Deux ans plus tôt, en avance sur l’AITI, la Chambre de commerce du canton du Tessin avait tenu un séminaire d’information à l’intention des entreprises et les investisseurs tessinois. Une délégation issue de cette chambre a effectué un voyage au Kazakhstan en septembre 2015 et une nouvelle partira pour Astana en mai prochain.

 

Enquête-éclairage parue dans l'édition de Mars 2016

 

1. Lire l’interview de Pietro Veglio, membre de la fondation Bota, chargée de gérer le processus de restitution des fonds au Kazakhstan, dans La Cité de Septembre 2014.

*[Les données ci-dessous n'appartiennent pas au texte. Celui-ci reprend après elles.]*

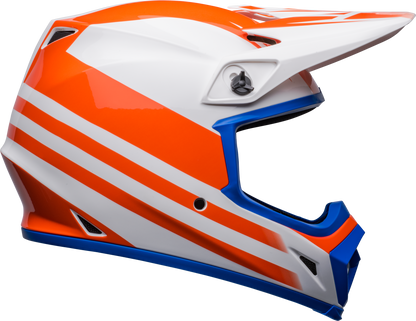 BELL MX-9 MIPS DISRUPT WHITE/ORANGE HELMET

2. Nous avons demandé au Ministère public de la Confédération (MPC) à quel stade se trouvait la procédure. Sa réponse: «Nous pouvons confirmer que le MPC mène une procédure dans ce contexte. En se basant sur le secret de fonction et le secret de l’instruction nous ne pouvons pas vous fournir de plus amples informations en ce moment.»

3. Selon le magazine Bilan de juillet 2011, «la Cité de Calvin est devenue le centre où se traite un tiers des volumes mondiaux de pétrole, dont au moins 80 à 85% du pétrole russe et 65 à 70% du kazakh».